Went out this afternoon nothing bitin only Sailcats and Ladyfish, did however get broken off by something huge using a sandflea, he rolled up on top of the water and SNAP oh well got my adrenaline runnin though.


----------



## jamesc (Oct 16, 2008)

Great trip... I got broke off three times last night. Part of the game!


----------



## bond007 (Jun 16, 2009)

I rather be fishing then anything...well almost anything...:bowdown


----------



## Shiznik (Feb 24, 2008)

It ought to start picking up soon! I go just to see whats biting too, nothing but Blues, ladys, Cats and Whiting right now.


----------



## Fishermon (Oct 19, 2007)

That had to be a mosnter bluefish I'd think. Great man...thanks for the report.


----------



## jedisme (Apr 1, 2009)

Went out again this morning..not much happening just a couple Lady's the surf was beautiful however hardly and waves water as clear as glass awesome morning.


----------



## Fishermon (Oct 19, 2007)

thats always the case in a north wind(flat seas) I wish i flew the kite this morning.........when the water is calmed like that I like to use surf casting lures..light tackle fast tip 10lb braided line....walk the beach 2 miles up and down till you find game. Did uspot any sand fleas by any chance?. Pompano should be getting better and better as waterT. drops. keep the reports coming man...sure its appreciated.


----------



## jedisme (Apr 1, 2009)

You know is funny you ask about sand fleas I seem to not be able to find them in a.m but, in the afternoon they're everywhere..?
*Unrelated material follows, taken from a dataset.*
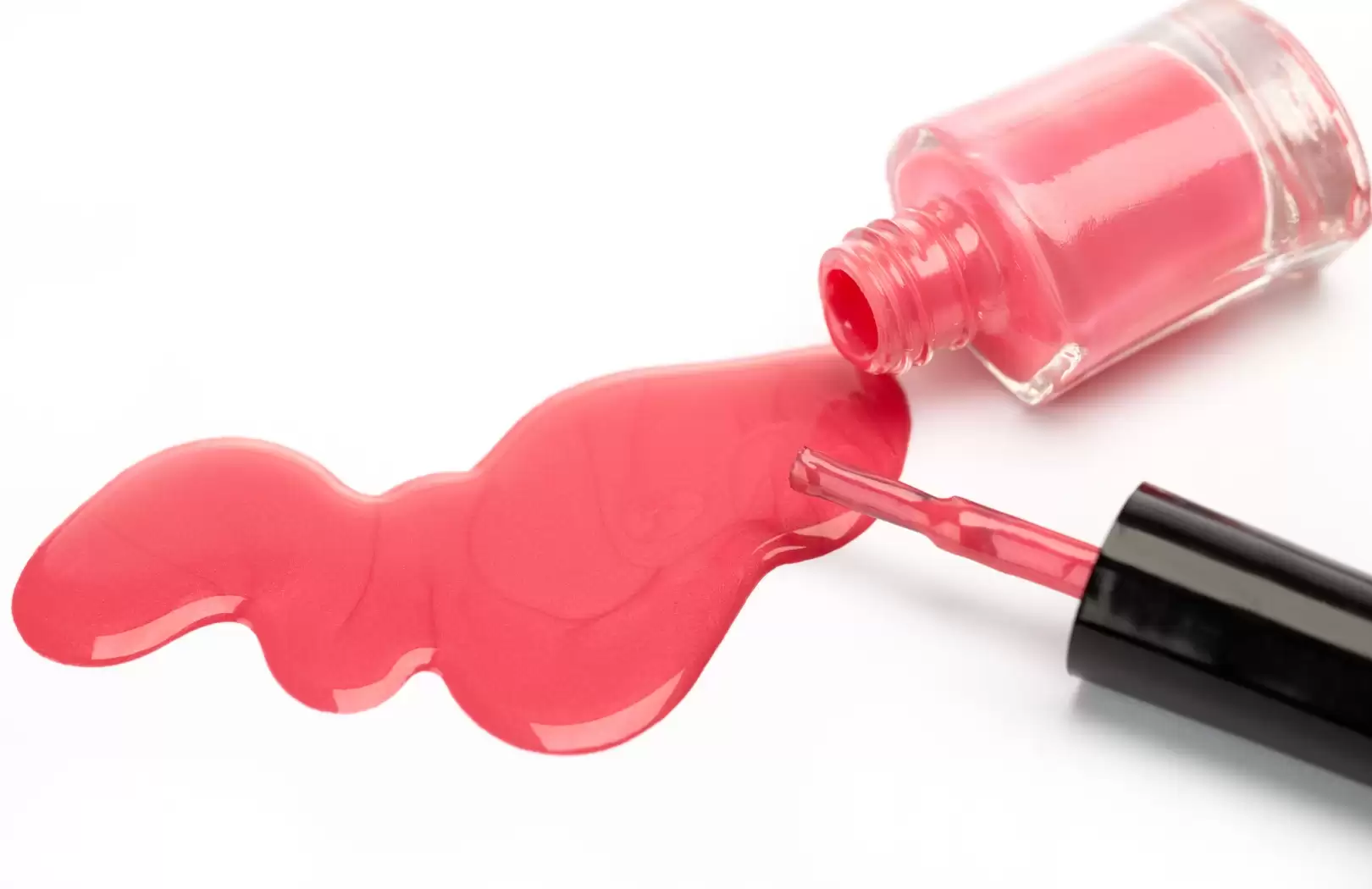 Nail Polish O.P.I1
Any ways I amheaded back out to beach.


----------



## jedisme (Apr 1, 2009)

One little blacktip and a sailcat..August kinda sucks.


----------



## Nat-Light (Oct 9, 2007)

I fished Sunday from 12-3. It was beautiful out there for sure. My expectations weren't very high considering how calm it was and how clear the water was but I fished none the less. Got a limit of pompano. They were nice year old fish 12-13", for late August- I was very pleased. Only had to deal with a few skip jacks. They were biting on sandfleas and orange beads. I've found on these calm days the fish will be traveling up and down the beach in small schools closer to the sandbar...find the highway and you'll find the fish.


----------



## FishnGator (May 1, 2008)

Oh man, now I'm going to have to go out there tomorrow morning.


----------